╭─ INPUT

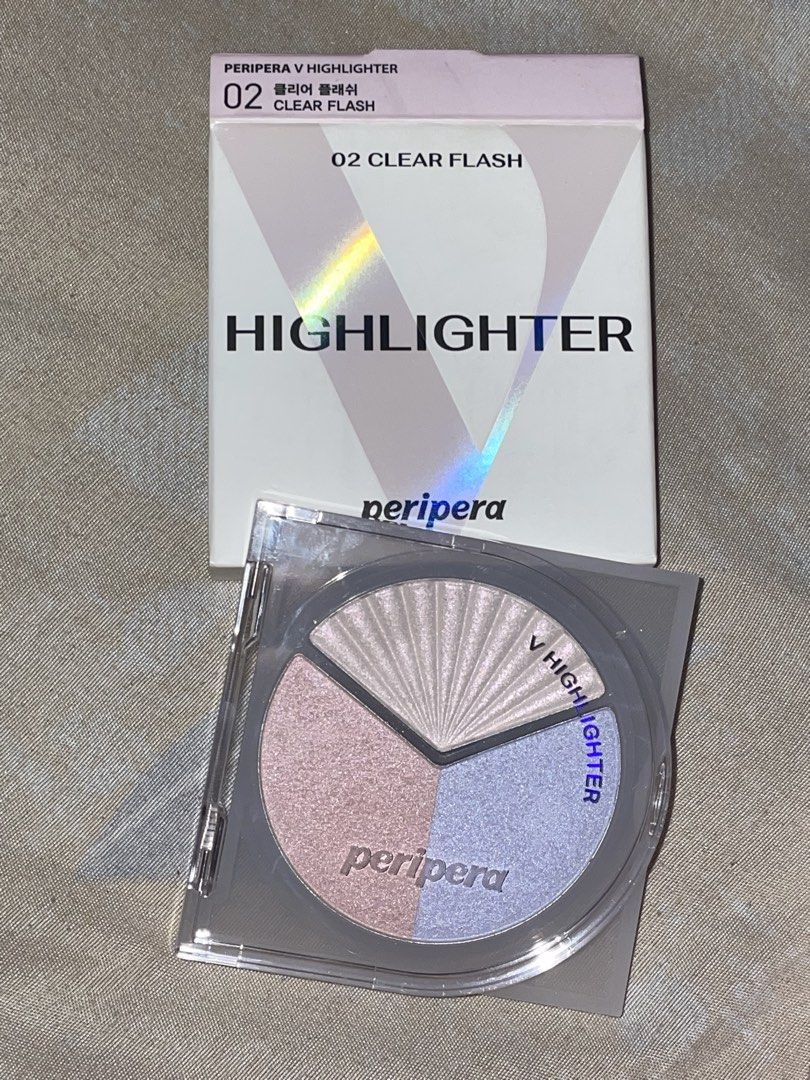 Peripera V Highlighter 02 Clear Flash Palette (Category: Makeup) located in Manila. Submitted by xoxocol (Listing ID 1446974234, Image 1). Description: - Peripera V Highlighter - Shade: 02 Clear Flash - Type: Tri-color highlighter palette - Shades included: Pearly white, soft pink, light blue - Effect: Adds a beautiful glow - Packaging: Very pretty - Expiry Date: 2028.09.10.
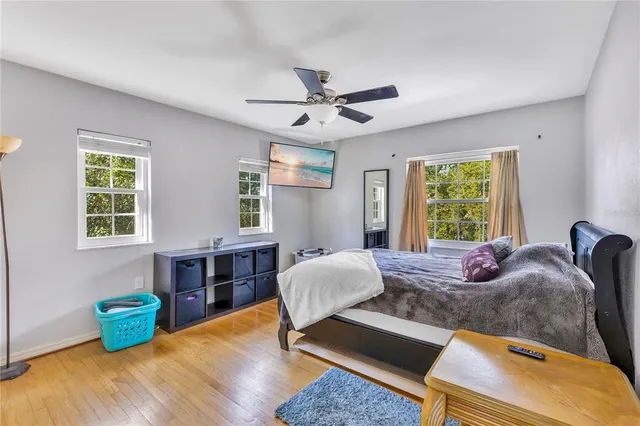 a view of a dining room with furniture large windows and wooden floor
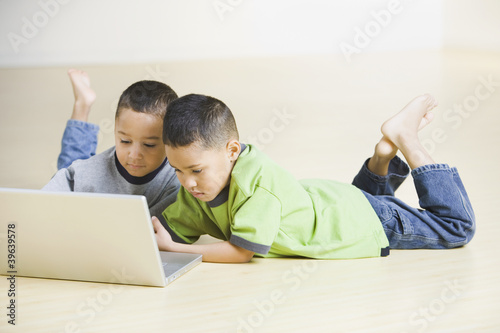 Photo: African brothers looking at laptop African brothers looking at laptop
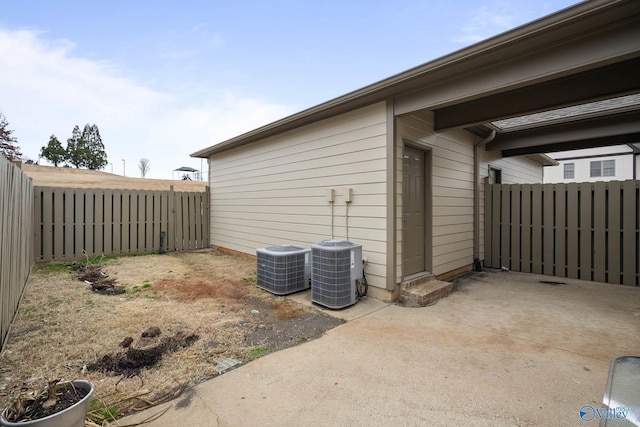 view of side of property with a patio area, a fenced backyard, and cooling unit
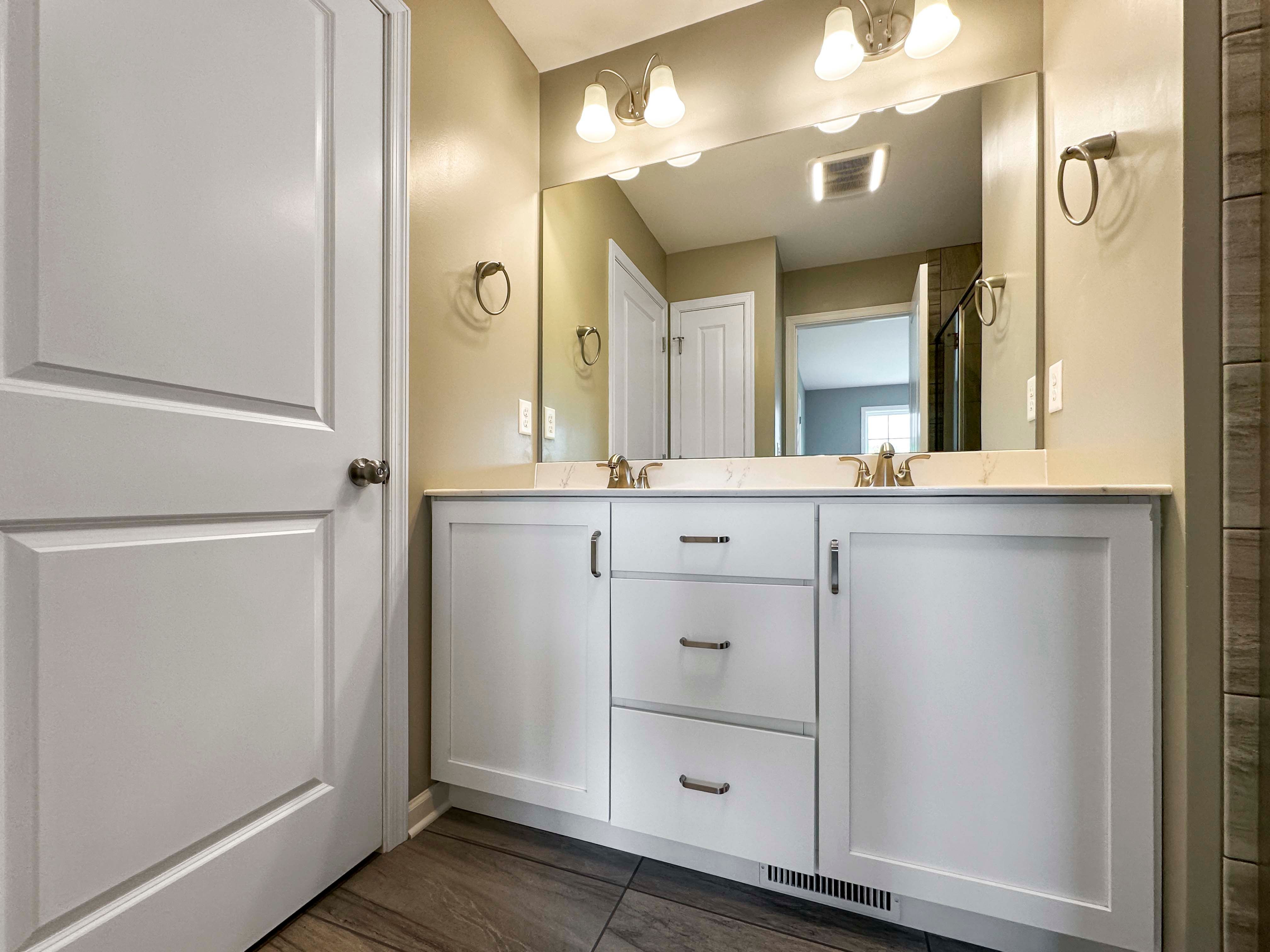 Bathroom with dual vanity, white cabinets, and large mirror above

╰─

PROBLEM DESCRIPTION: From the line with "Photo: African brothers" down to the final line of the entries above, repeat each line exactly; omit the pictures.

EXERCISE RESULT:
 Photo: African brothers looking at laptop African brothers looking at laptop
 view of side of property with a patio area, a fenced backyard, and cooling unit
 Bathroom with dual vanity, white cabinets, and large mirror above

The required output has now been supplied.